*** Dataset content
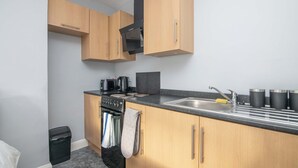 A compact kitchen with wooden cabinets, a black range hood, a stainless steel sink, and a black trash bin. - F1 Stratford Studio Flat (Stratford-Upon-Avon)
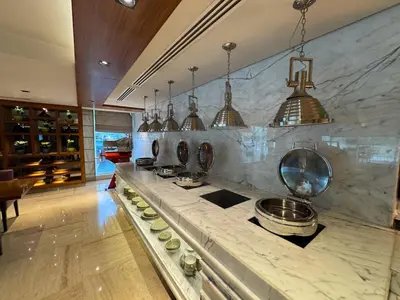 a kitchen with a counter with pots and pans at Damac Maison Canal Views, Luxury Waterfront Apartment, 2 BR, Dedicated Office, Sleeps 6 in Dubai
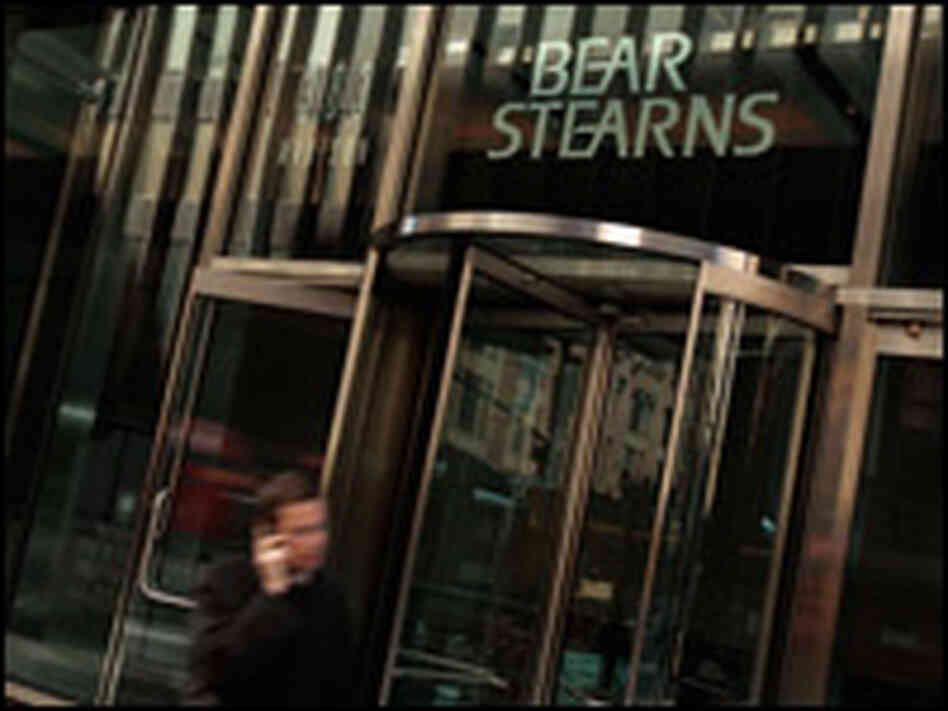 A man walks out of Bear Stearns headquarters in New York.
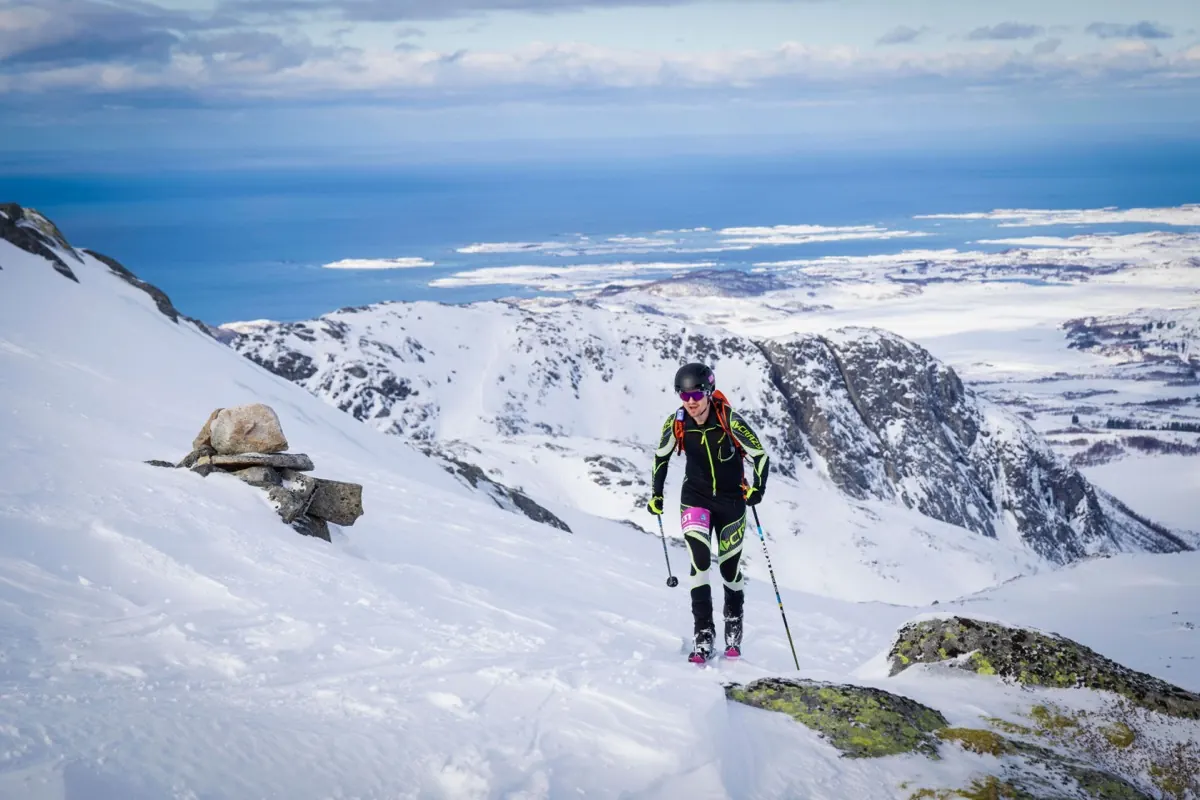 Ski mountaineer skinning up a ridge above the sea in Lofoten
******
| Problem to solve |
Every line from the start of the listing above through the line with "A man walks" should be repeated exactly; skip the pictures and add nothing else.

| Exercise solution |
 A compact kitchen with wooden cabinets, a black range hood, a stainless steel sink, and a black trash bin. - F1 Stratford Studio Flat (Stratford-Upon-Avon)
 a kitchen with a counter with pots and pans at Damac Maison Canal Views, Luxury Waterfront Apartment, 2 BR, Dedicated Office, Sleeps 6 in Dubai
 A man walks out of Bear Stearns headquarters in New York.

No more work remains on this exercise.